Saturday, December 27, 2008

2008, In review.

Yeah, so these surveys are silly. But I figure it'd be a good way to review. In a couple months, we'll be coming up on the one year marker of this blog. *smiles* I gave up on it being a group effort a long time ago, since no one jumped on the band wagon. That's what Lessons is for. So what is this blog for you ask? I must ruefully admit, it's more for reasons of self importance than anything else. #149 in the list of Stuff White People Like.

So I'll take my moment of egotistical self importance to reflect on the year of 2008 A.D. with a chain facebook survey.
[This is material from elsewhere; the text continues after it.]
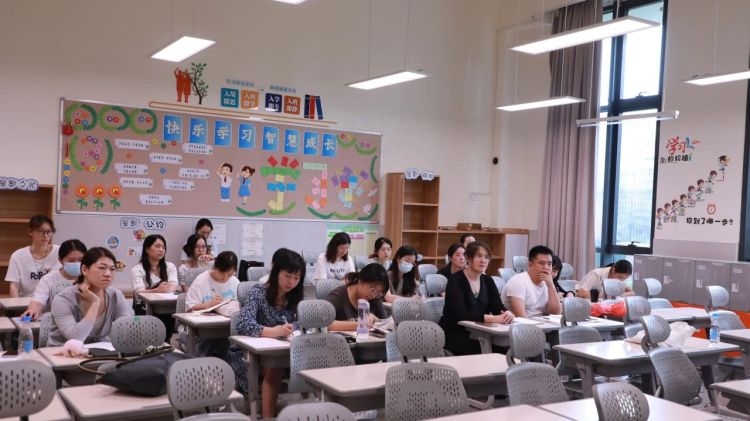 深圳教科院实验学校（光明）暑期培训：聆听前辈指导，打磨上课流程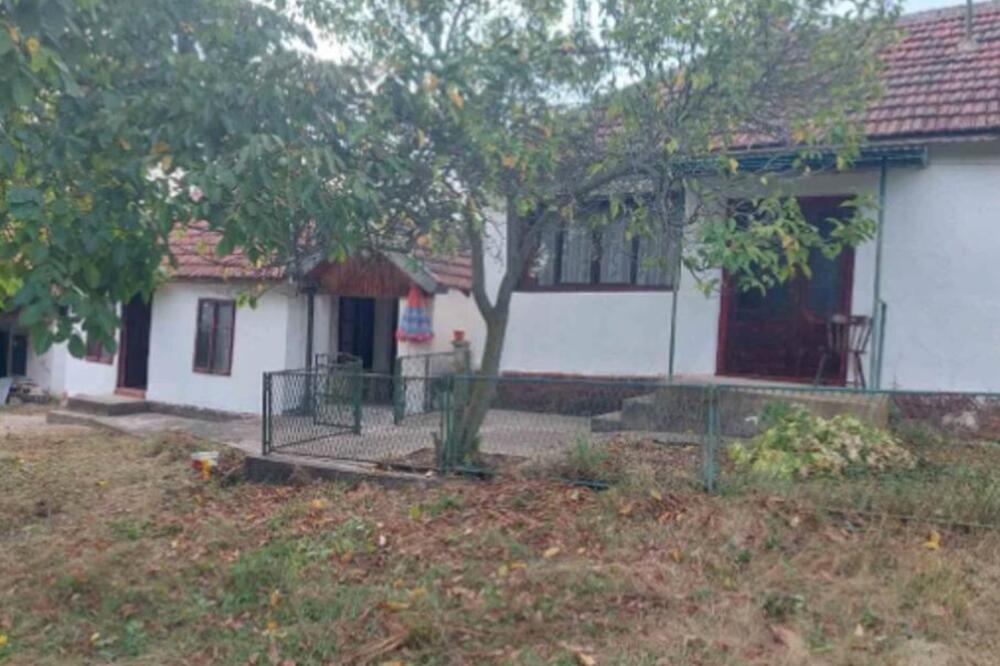 Prodaje se imanje sa dve kuće u ovom selu za smešne pare: Ima 15 ari, izvorsku vodu i bunar u dvorištu (FOTO)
Stayed single almost the whole year?
Almost, save for the first few months.

Kissed someone new?
Yup.

Done something you've regretted?
Certainly.

Lost someone?
Indeed.

Cut class?
Election day :)

Were involved in something you'll never forget?
The 2008 election. Working with the Obama and Smith Campaigns was a totally fulfilling experience.

Got a gift you adore?
Yes.

Dyed your hair?
Don't think so. I've been growing my hair out for donation since late June, so that means no hair dye :(

Came close to losing your life?
Metaphorically, Second semester of senior year was like a Mafia hitman.

Went to a party?
Sure.

Read a GREAT book?
Several, actually!

Saw one of your favorite bands/artists live?
:) Motion City Soundtrack in May

Did you meet any new friends this year?
Thank you college!

Did you dislike anyone?
Mmm. Dislike, but nothing serious.

Did you grow apart from anyone?
Indeed.

2008: Your BIRTHDAY!

Did you have a cake?
Kind of - it was a cookie cake my mom sent home with my cousin Andrew.

Did you have a party?
I guess if that's what you want to call me, Shauna, Caitlin and Andrew watching the 2nd Presidential Debate and bitching about McCain whilst eating birthday cookie.

Did you get any presents?
Yeah! I saw Avenue Q!

2008: All about YOU

Did you change at all this year?
Tons.

Did you change your style?
I suppose there are some different influences then last year, yeah.

Did you drive?
What kind of question is that? Well, I suppose some younger people are taking this too. So, yes. I did drive.

Did you own a car?
Nope.

Would you change anything about yourself now?
What a question. Of course there are things that I am working to get better at as far as behaviors, reactions, etc. are concerned, but the fact that that's on my mind? No, I wouldn't change me.

2008 WRAP UP:

Was 2008 a good year?
Yes. I went through a ton of shit at the beginning of the year. But I learned a lot about myself and came out so much stronger in faith, mind and body than I was before. And I wouldn't change that. I would go through it all again if I had to.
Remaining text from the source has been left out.